Entries taken from a collection:
* * *

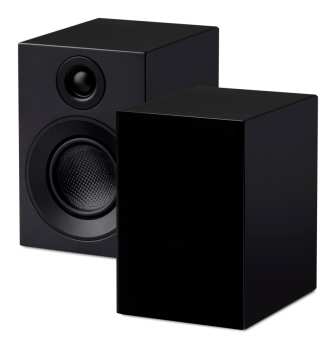 Audiotechnika Pro-ject Speaker Box 3 E Carbon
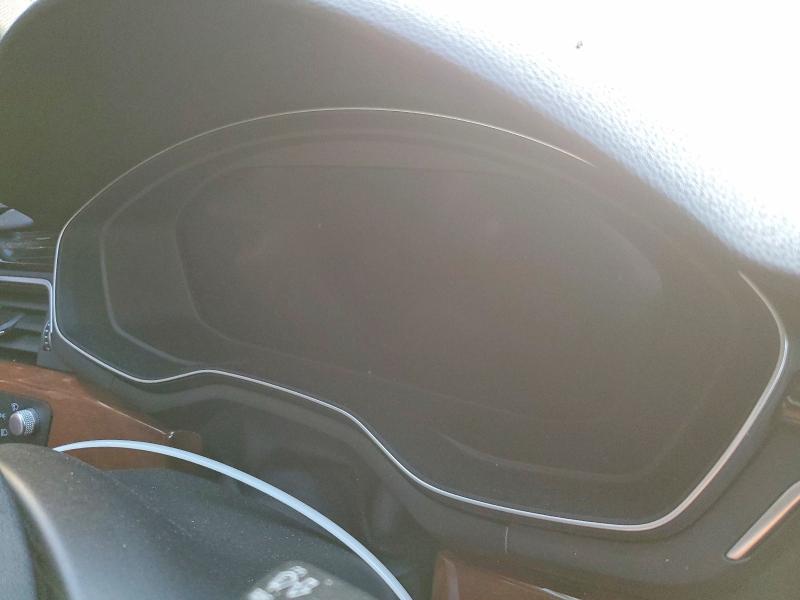 64693916 :رقم المزاد ، WA19NAF45LA027003 vin ، 2020 Audi A4 Allroad مزاد بيع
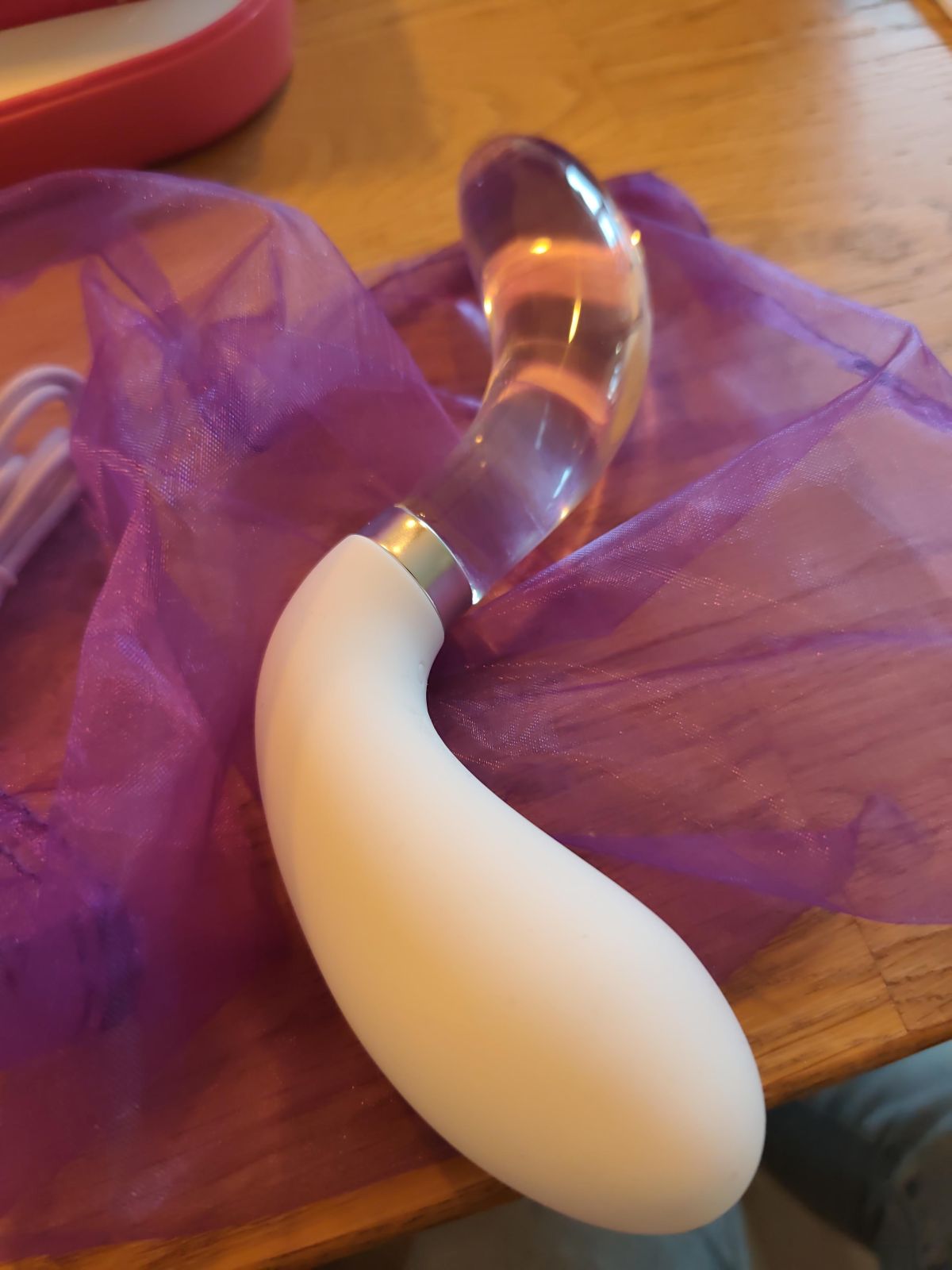 Doppelvibrator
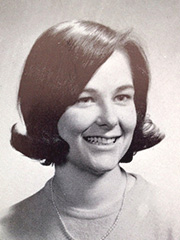 Linda (Wilman) Siciliano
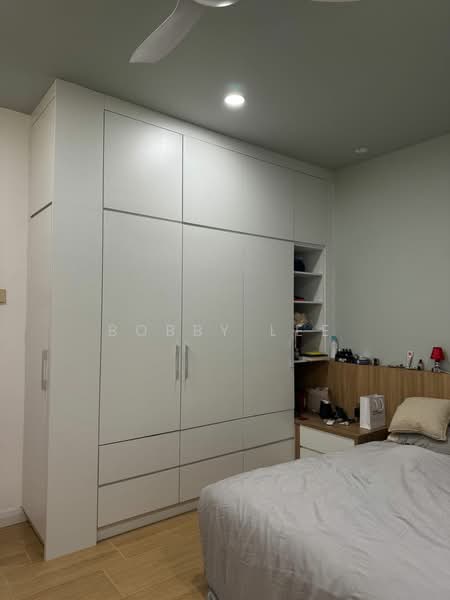 Service Residence @ Landmark Residence 1 untuk Untuk Dijual - RM 500,000, Mac 2026 - Bedroom - PropertyGuru.com.my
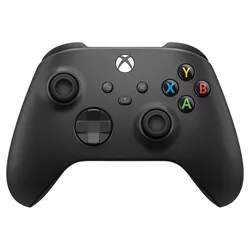 cumpără Joystick-uri pentru jocuri pe calculator Xbox Wireless Controller Carbon Black în Chișinău 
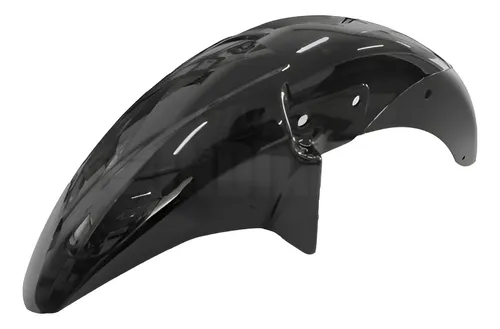 LODERA DELANTERA NEGRO DISCOVER125, XCD125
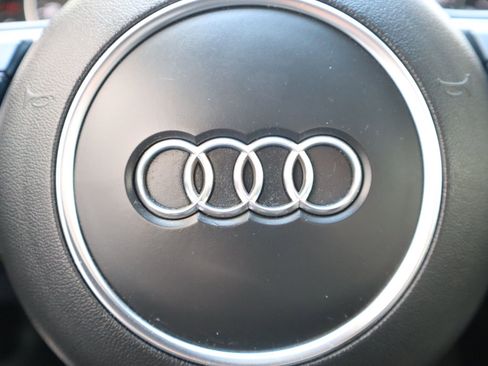 Used 2018 Audi A6 2.0T Premium Plus w/ Premium Plus Package AWD/4WD image 32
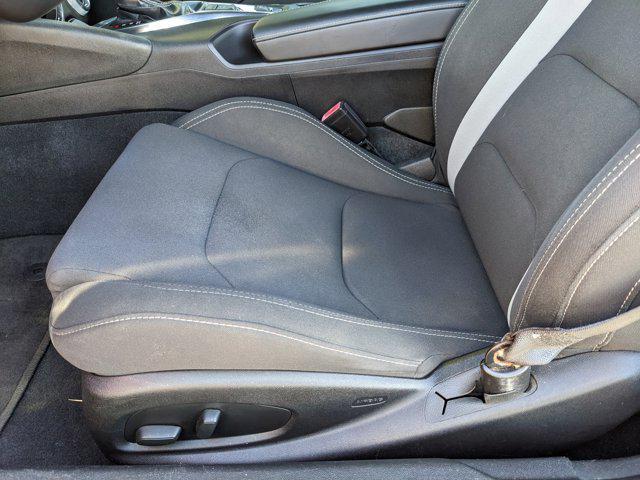 used 2018 Chevrolet Camaro car, priced at $21,499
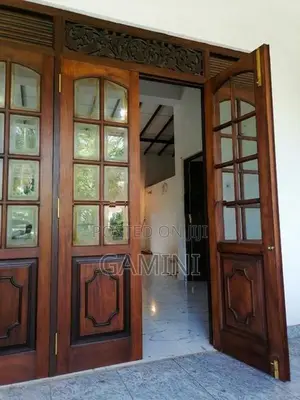 House for Rent in Meegoda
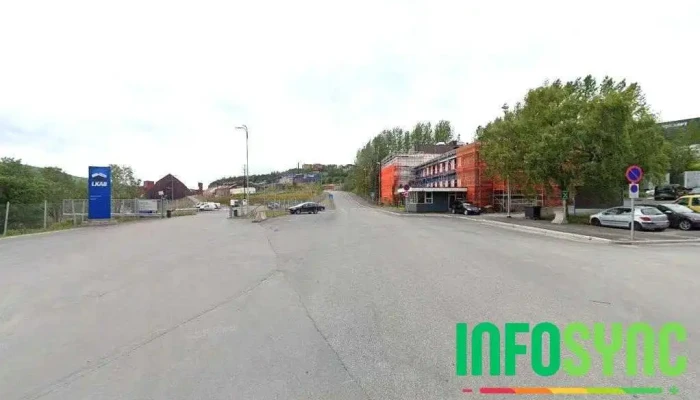 Prosjektpartner Nord As - Narvik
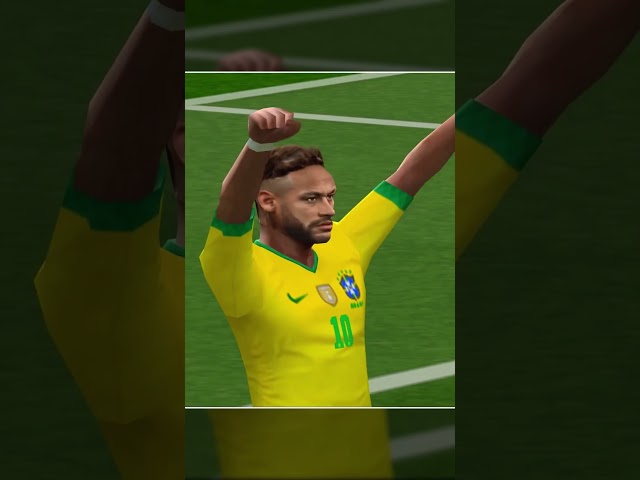 IS IT POSSIBLE TO TURN 50X0 IN THE BOMBA PATCH? #football #brazil #neymar #pes2021 #bombapatch #g...
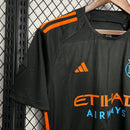 Camisa New York Red Bulls Away 24/25 - Adidas Torcedor Masculina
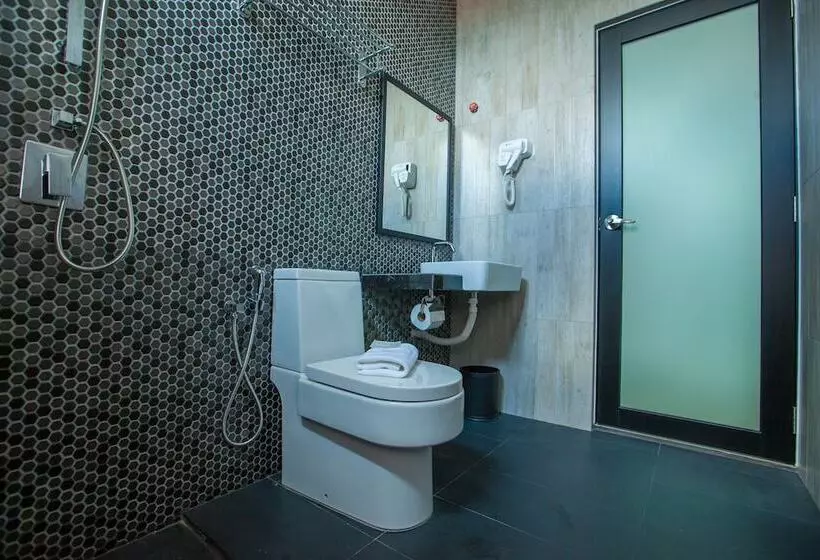 Fotos del hotel Bzz  Skudai:  24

* * *

Only one stretch of the data is wanted: write out exactly the lines from the one holding "used 2018 Chevrolet" through the one holding "IS IT POSSIBLE", both included, without the pictures.

 used 2018 Chevrolet Camaro car, priced at $21,499
 House for Rent in Meegoda
 Prosjektpartner Nord As - Narvik
 IS IT POSSIBLE TO TURN 50X0 IN THE BOMBA PATCH? #football #brazil #neymar #pes2021 #bombapatch #g...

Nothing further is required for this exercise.